Frequency of dialysis impacts survival in CKD, with thrice-weekly dialysis having better survival benefit than twice-weekly dialysis.24 In our study, 75% of the subjects were receiving dialysis twice-weekly, which is not unexpected in our part of the world.25 Previously discussed hindrances of cost and travel result in economy of dialyzing that not only reduces survival, but also affects quality of life. Patients on MHD often attempt to skip a dialysis session to save expenditure and seek dialysis when experiencing distressing symptoms like edema or breathlessness.11 12 We can see that this skipping can cost them their cognitive faculties, independence, and survival time. Since dialysis is found to improve cognitive functioning, increased frequency of dialysis to thrice-weekly can be postulated to be beneficial. In this context, peritoneal dialysis (PD) offers clients the advantages of ease of dialyzing at home, decreased need to travel for dialysis, and increased freedom to participate in occupational or social activities. Additionally, patients with end-stage renal disease on PD have lower risk for dementia compared with those on HD.26 Increasing use of PD can also reduce the infrastructural and human resource costs borne for setting up dialysis centers, making it an extremely viable option in areas with poor nephrology and renal replacement therapy services.27
The tests we used themselves are not extremely complex and the interval between assessments is usually between 3 and 5 hours. Hence, learning may explain some of the improvement we have observed. To mitigate this, use of relatively complex tasks or increasing the gap between assessments may be suitable. When looking into the effect of a single session of dialysis, it is difficult to achieve a reasonable gap in assessments.
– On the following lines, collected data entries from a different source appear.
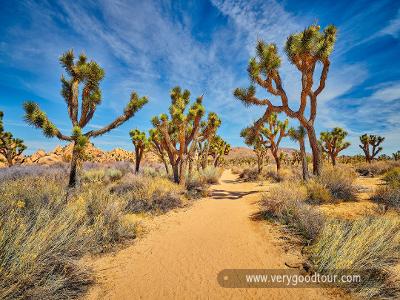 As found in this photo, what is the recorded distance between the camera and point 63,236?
12.0 feet

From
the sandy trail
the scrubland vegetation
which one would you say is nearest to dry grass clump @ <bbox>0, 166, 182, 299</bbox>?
the scrubland vegetation

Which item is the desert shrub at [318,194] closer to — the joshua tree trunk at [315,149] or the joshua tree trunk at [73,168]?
the joshua tree trunk at [315,149]

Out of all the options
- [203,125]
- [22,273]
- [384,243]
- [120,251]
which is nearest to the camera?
[22,273]

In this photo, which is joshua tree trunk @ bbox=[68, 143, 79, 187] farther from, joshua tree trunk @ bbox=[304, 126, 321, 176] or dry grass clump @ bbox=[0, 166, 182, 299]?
joshua tree trunk @ bbox=[304, 126, 321, 176]

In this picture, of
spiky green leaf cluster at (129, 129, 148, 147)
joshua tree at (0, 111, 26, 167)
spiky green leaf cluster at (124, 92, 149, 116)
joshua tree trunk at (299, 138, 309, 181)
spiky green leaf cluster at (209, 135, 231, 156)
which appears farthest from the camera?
spiky green leaf cluster at (209, 135, 231, 156)

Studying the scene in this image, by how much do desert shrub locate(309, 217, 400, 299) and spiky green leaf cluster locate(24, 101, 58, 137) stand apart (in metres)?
9.39

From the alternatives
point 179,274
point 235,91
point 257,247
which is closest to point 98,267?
point 179,274

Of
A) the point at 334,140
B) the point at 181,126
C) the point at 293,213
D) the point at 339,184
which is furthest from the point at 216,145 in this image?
the point at 293,213

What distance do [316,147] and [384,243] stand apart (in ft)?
24.8

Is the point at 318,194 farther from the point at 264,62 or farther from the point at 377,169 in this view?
the point at 377,169

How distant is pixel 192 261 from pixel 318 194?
599cm

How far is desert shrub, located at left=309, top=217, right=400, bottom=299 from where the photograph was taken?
3202mm

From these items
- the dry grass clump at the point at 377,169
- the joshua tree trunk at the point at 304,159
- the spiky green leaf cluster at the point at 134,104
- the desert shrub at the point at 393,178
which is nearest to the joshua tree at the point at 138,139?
the spiky green leaf cluster at the point at 134,104

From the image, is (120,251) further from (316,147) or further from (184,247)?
(316,147) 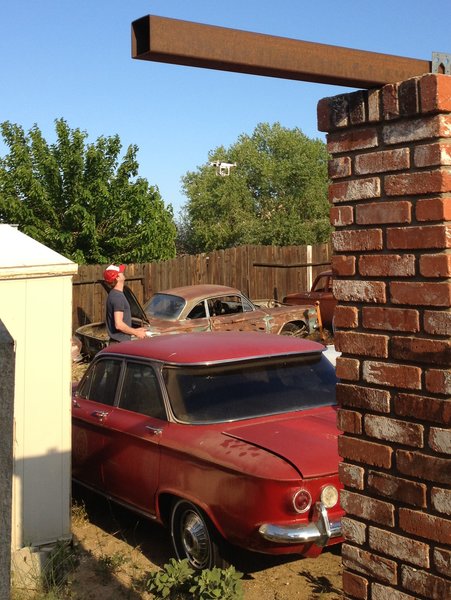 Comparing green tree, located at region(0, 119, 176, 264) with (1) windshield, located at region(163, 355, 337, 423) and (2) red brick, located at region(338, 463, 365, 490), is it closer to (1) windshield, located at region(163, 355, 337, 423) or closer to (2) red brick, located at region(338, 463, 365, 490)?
(1) windshield, located at region(163, 355, 337, 423)

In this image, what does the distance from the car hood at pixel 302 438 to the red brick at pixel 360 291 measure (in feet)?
5.96

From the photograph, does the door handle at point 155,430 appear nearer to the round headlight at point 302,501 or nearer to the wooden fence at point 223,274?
the round headlight at point 302,501

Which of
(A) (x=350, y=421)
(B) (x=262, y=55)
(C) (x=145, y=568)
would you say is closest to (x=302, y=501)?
(C) (x=145, y=568)

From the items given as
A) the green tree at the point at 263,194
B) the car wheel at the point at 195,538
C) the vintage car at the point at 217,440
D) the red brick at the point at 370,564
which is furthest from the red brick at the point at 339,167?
the green tree at the point at 263,194

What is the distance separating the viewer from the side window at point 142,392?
5.61 metres

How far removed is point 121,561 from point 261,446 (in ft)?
4.44

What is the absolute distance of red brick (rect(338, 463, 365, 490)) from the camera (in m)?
2.89

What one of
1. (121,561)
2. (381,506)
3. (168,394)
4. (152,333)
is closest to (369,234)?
(381,506)

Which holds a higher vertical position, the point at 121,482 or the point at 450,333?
the point at 450,333

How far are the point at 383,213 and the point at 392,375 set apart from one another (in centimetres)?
57

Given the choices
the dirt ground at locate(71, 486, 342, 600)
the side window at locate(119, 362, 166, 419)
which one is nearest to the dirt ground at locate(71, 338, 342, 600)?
the dirt ground at locate(71, 486, 342, 600)

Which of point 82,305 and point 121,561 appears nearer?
point 121,561

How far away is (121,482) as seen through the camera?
5.77 meters

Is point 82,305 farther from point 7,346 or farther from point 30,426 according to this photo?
point 7,346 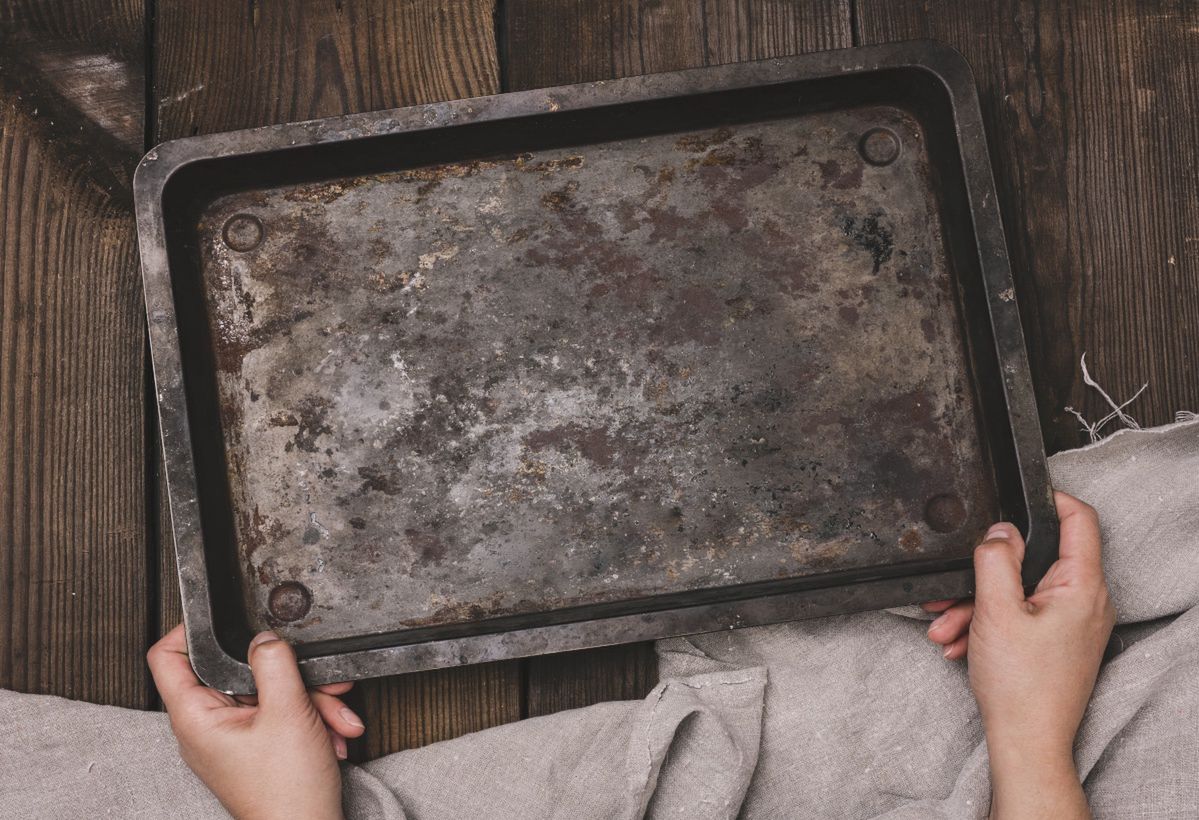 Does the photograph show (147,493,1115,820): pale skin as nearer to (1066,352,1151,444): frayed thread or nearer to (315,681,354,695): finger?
(315,681,354,695): finger

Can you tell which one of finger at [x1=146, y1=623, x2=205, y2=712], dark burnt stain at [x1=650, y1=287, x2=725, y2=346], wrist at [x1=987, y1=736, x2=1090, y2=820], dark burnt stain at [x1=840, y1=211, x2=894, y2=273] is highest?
dark burnt stain at [x1=840, y1=211, x2=894, y2=273]

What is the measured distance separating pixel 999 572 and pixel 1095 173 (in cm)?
43

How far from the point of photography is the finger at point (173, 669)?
0.70m

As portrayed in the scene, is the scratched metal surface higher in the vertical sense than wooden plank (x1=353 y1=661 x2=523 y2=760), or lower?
higher

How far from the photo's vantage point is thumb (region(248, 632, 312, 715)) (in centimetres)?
67

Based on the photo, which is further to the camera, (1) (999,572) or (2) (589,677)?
(2) (589,677)

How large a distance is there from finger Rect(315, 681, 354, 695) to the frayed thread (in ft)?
A: 2.33

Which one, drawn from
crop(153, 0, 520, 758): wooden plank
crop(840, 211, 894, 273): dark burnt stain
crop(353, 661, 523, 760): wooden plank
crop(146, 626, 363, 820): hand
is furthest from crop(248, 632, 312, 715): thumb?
crop(840, 211, 894, 273): dark burnt stain

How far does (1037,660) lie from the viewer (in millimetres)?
667

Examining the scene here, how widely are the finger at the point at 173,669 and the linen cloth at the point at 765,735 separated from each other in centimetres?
8

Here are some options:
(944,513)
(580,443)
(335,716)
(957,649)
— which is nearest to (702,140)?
(580,443)

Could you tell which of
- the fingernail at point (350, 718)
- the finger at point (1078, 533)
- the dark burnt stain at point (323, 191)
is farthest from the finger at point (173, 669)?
the finger at point (1078, 533)

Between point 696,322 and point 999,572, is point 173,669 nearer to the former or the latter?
point 696,322

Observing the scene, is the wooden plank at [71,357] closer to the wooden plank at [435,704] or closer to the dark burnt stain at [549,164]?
the wooden plank at [435,704]
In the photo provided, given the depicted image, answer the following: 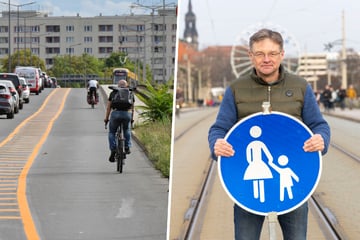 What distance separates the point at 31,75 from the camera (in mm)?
4848

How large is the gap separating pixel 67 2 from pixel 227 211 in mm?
2121

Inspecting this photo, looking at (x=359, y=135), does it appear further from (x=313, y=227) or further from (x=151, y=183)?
(x=151, y=183)

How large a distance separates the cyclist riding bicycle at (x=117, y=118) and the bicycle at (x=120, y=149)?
0.02 m

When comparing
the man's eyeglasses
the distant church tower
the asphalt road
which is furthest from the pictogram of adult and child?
the distant church tower

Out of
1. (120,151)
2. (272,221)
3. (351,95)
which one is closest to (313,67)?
(351,95)

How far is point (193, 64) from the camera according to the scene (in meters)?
6.18

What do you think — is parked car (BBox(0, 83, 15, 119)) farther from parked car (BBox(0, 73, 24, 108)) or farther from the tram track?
the tram track

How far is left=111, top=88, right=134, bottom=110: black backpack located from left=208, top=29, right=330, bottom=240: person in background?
192cm

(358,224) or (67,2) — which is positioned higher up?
(67,2)

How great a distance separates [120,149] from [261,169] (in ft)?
6.89

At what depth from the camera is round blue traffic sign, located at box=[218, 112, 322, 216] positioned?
2.89 meters

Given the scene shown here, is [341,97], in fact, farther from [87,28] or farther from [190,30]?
[87,28]

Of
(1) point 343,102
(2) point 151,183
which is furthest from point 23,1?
(1) point 343,102

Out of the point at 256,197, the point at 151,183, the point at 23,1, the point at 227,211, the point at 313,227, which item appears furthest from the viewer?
the point at 227,211
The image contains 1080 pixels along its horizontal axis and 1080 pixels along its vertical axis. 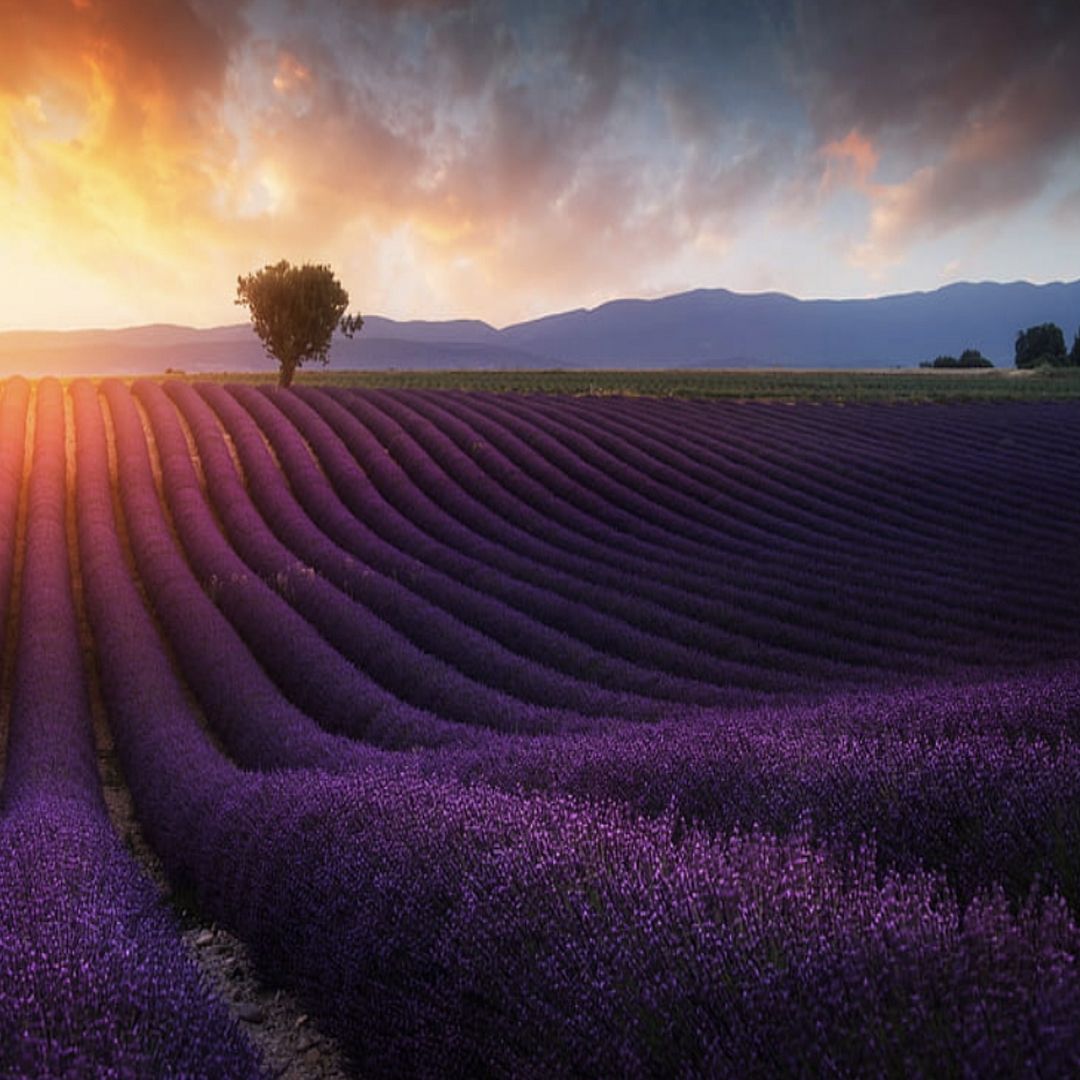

Our findings provide evidence for need to optimize dialysis frequency, conduct routine bedside cognitive evaluations, include a caregiver during nephrology/physician consultations to improve treatment adherence, and engage in healthful behaviors in CKD patients.
Conclusion
We conclude that patients with CKD on MHD, in general, have worse executive cognitive functioning compared with healthy populations. A session of HD results in significant improvement in these functions compared with predialysis performances.
Conflict of Interest
V.S.M. reports grants from Indian Council of Medical Research—Short Term Studentship 2018-19, during the conduct of the study.
Funding The study was conducted under the Short Term Studentship (STS) program by the Indian Council of Medical Research (ICMR) awarded to second author under the guidance of the first author in 2018–2019.